Para esos casos es bueno recordar unos versos apropiados de José
Larralde: “No venga a tasarme el campo/ con ojos de forasteros/ porque no es
como aparenta/ sino como yo lo siento”
Tampoco es cuestión de obviar el problema, omitiendo su
denominación, como si no mencionándolo despareciese el mismo. En ese caso es
bueno recordar la frase del poeta Mario Trejo: “La palabra perro no muerde. El
que muerde es el perro”
Como bien sostiene el sociólogo Leandro Gamallo: “Probablemente
en esta reacciones convivan el “hartazgo” de una situación percibida como
intolerable con una concepción absolutamente discriminatoria que genera un
“nosotros” (la ciudadanía o un vecino) opuesto a un “ellos” que deben ser
eliminados (los delincuentes). Lo que parece una certeza es que en nuestro país
los linchamientos no pueden concebirse como una estrategia, ni mucho menos como
un acto de prevención ciudadana en materia de seguridad”.
O como advierte
Javier Nuñez en “No cuenten conmigo”: “Pero más duele ver hacia qué clase de
sociedad nos encaminamos -o algunos creen que deberíamos encaminar- y qué
frágiles son las estructuras que nos separan de la oscuridad ….Cuando el
contrato social se rompe, pierde sentido el Estado de Derecho y el derrumbe de
las reglas de convivencia en lugar de atenuar la inseguridad, la incrementa;
frente a una legalidad incierta, la sensación de riesgo no hace más que
amplificarse….La ley de la jungla nunca puede ser una solución.”
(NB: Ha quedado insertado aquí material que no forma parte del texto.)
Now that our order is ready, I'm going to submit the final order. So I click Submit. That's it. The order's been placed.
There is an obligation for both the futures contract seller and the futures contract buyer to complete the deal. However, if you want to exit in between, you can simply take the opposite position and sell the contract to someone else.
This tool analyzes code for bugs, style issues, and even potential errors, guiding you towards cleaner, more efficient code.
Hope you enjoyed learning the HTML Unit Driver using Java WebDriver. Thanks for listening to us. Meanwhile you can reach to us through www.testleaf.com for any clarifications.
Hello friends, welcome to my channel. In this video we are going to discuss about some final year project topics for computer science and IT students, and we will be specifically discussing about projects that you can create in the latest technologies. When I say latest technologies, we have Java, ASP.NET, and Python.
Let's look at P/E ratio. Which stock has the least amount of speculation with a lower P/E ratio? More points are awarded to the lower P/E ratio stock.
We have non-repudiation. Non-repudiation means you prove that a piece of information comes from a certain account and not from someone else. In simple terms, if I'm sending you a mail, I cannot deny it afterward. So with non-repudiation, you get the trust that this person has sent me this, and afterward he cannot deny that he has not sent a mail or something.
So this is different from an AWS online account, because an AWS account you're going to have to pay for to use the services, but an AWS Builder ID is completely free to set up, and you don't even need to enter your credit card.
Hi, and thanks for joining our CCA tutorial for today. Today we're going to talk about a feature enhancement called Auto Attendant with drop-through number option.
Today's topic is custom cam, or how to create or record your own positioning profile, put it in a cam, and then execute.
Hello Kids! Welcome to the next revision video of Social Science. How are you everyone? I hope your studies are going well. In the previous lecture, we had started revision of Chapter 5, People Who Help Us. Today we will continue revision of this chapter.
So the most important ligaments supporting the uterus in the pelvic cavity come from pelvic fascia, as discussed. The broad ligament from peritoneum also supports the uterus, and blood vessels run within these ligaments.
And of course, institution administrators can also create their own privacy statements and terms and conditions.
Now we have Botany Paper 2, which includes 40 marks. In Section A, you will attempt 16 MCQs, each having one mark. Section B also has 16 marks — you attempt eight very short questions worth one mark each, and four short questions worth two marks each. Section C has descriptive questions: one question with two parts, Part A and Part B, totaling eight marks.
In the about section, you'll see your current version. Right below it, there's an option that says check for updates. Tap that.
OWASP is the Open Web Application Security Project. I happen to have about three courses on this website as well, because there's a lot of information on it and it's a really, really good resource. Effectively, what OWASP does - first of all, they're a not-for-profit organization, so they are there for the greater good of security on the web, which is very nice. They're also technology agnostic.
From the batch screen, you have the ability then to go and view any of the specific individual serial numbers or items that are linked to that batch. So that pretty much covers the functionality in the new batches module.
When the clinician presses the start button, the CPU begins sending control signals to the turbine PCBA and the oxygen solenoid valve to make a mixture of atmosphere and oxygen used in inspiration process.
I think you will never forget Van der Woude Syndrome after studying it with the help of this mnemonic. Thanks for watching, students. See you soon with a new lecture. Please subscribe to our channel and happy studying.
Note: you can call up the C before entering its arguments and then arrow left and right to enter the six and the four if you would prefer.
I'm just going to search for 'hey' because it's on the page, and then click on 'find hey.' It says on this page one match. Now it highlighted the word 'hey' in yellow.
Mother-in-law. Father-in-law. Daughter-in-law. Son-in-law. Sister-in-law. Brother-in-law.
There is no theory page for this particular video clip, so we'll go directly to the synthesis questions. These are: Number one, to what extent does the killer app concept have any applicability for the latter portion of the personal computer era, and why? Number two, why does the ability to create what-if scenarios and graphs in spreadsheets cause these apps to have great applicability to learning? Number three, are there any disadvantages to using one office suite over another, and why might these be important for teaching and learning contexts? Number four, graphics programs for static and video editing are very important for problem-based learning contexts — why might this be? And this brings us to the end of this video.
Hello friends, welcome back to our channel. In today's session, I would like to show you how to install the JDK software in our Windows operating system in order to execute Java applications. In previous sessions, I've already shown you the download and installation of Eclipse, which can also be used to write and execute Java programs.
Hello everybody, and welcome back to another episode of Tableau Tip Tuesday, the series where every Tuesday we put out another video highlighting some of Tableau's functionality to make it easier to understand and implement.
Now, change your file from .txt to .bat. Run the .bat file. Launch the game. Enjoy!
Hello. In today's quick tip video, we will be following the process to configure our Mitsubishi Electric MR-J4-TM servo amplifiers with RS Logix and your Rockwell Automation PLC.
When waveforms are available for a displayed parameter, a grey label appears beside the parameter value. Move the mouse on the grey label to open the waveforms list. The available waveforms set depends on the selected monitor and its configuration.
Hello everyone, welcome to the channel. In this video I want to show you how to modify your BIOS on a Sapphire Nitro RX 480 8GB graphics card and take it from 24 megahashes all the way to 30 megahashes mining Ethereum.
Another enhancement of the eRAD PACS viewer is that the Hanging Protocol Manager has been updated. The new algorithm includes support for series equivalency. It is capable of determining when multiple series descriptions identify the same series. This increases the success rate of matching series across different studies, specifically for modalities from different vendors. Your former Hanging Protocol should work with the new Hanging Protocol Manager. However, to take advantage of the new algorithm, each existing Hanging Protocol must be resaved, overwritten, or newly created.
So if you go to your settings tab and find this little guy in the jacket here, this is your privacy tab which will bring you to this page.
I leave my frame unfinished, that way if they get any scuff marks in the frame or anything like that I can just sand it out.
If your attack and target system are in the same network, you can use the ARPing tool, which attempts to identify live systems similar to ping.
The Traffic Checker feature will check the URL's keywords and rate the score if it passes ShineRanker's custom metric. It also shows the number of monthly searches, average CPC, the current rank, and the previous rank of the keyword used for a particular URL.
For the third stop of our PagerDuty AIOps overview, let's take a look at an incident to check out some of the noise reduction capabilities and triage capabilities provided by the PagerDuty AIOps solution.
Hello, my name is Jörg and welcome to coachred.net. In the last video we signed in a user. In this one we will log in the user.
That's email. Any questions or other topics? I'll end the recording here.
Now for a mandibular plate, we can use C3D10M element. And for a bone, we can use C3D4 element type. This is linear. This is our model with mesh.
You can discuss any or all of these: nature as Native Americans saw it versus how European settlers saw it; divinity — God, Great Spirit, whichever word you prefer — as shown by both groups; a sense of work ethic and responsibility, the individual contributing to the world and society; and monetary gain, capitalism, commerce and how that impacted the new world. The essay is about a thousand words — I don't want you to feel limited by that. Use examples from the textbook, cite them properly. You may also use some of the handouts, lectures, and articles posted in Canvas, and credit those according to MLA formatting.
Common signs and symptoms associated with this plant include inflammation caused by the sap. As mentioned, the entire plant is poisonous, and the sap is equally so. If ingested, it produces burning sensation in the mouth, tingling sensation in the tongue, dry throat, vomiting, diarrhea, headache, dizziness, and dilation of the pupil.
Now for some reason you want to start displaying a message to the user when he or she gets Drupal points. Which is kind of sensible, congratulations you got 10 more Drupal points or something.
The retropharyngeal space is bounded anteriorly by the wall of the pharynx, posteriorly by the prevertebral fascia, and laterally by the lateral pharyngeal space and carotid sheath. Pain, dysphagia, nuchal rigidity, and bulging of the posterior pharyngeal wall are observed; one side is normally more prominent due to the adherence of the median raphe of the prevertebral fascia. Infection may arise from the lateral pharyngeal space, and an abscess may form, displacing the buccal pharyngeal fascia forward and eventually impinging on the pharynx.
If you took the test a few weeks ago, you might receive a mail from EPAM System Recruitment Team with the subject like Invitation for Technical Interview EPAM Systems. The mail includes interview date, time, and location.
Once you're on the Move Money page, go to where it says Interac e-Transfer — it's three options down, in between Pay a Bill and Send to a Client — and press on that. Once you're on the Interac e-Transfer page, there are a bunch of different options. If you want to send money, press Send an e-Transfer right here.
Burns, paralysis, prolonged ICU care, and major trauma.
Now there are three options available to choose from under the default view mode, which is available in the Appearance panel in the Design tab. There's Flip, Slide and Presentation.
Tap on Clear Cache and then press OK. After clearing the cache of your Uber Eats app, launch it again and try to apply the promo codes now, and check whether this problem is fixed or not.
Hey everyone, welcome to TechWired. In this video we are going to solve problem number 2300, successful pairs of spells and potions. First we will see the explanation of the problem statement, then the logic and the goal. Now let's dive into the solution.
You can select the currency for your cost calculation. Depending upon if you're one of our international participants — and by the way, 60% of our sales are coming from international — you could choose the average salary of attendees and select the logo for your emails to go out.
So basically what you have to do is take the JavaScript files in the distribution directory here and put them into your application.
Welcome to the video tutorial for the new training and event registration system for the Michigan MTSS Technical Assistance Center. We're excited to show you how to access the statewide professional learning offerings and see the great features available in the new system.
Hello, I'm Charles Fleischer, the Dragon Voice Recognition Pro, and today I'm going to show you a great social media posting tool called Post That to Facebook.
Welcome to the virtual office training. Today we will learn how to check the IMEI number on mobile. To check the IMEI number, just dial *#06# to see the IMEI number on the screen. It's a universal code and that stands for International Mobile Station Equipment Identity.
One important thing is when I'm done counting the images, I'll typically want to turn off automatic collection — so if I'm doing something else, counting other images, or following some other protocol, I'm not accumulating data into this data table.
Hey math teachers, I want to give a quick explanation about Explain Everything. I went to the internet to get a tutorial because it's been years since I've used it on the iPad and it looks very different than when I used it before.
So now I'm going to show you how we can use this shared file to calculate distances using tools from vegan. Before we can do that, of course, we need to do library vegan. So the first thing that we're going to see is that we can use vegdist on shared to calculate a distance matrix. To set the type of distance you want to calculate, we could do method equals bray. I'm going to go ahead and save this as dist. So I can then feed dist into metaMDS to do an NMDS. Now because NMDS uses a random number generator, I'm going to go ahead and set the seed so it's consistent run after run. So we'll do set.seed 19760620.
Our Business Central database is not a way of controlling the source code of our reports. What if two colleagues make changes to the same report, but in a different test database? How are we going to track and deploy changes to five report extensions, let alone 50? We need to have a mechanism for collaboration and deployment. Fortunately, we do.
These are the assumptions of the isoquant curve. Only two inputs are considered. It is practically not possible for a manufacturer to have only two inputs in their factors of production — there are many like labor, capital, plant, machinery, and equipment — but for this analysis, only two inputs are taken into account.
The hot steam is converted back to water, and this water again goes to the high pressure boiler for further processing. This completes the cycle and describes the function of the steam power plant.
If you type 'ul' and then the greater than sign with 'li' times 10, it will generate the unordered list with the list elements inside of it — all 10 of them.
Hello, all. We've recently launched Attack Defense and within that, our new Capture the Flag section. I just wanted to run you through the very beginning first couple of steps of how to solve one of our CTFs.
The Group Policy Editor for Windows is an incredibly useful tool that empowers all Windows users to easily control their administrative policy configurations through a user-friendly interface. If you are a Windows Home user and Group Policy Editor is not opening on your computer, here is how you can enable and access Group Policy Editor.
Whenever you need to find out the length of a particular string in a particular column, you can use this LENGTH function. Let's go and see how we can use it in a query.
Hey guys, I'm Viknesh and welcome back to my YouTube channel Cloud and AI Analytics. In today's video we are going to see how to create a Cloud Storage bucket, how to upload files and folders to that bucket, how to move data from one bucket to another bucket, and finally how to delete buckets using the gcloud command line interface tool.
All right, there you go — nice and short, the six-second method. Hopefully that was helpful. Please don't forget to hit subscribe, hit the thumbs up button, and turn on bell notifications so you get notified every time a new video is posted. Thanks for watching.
Es necesario diferenciar la reacción de una víctima, cuyo
comportamiento es personal e imprevisible, de aquellos que actúan en patota
para consumar venganza por mano propia.
Es preciso puntualizar que tampoco se puede ni se debe legislar
desde el dolor de las víctimas.
Nuestra sociedad ha sido disciplinada a través del miedo, que ha
ido del terrorismo de estado a la hiperinflación; del asalto a los
supermercados a la crisis económica más importante en cien años, con la
consiguiente desocupación extrema, la pobreza, la indigencia y el exilio del
2001; de los cuatro años de recesión de 1998 al 2001, al ametrallamiento
mediático: sólo algunos de los diferentes cataclismos políticos, económicos y
sociales.
Resulta llamativo que los que consideran al Estado un obstáculo
para el mercado, cuya presencia se justifica sólo para direccionar los
beneficios hacia los ganadores y garantizar la seguridad jurídica de sus
negocios enarbolen con entusiasmo el slogan del Estado ausente. Eso se acentúa
cuando el comentarista es el jefe de gobierno del distrito de mayor renta per
cápita del país.
Es necesario encarar como política de estado para la próxima
década, las diferentes patas del problema: policías diferentes, alejadas de su
complicidad con el delito, con buenos sueldos, capacitación amplia y profunda,
dotada de los medios imprescindibles;
cambios fundamentales en el poder judicial con dotación humana,
infraestructura y recursos necesarios, con juicios orales que agilicen las
causas; cárceles que no sean campos de concentración sino que habiliten al
delincuente para su reinserción en la sociedad; cambios totales en el servicio
penitenciario; políticas focalizadas en la recomposición del entretejido
social, entrando el Estado donde hoy está ausente; nuevo código penal que
establezca una justa proporcionalidad entre delitos y penas: apenas algunas
puntas para entrarle al problema.
Cómo abordó María Elena Walsh
la pena de muerte en el artículo mencionado, que concluía:
“Me condenaron de facto por imprimir
libelos subversivos, arrojándome semivivo a una fosa común. A lo largo de la
historia, hombres doctos o brutales supieron con certeza qué delito merecía la
pena capital. Siempre supieron que yo, no otro, era el culpable. Jamás
dudaron de que el castigo era ejemplar. Cada vez que se alude a este
escarmiento, la Humanidad retrocede en cuatro patas.
Parafraseando a María Elena: “Cada
vez que se perpetra un linchamiento, la Humanidad retrocede en cuatro patas.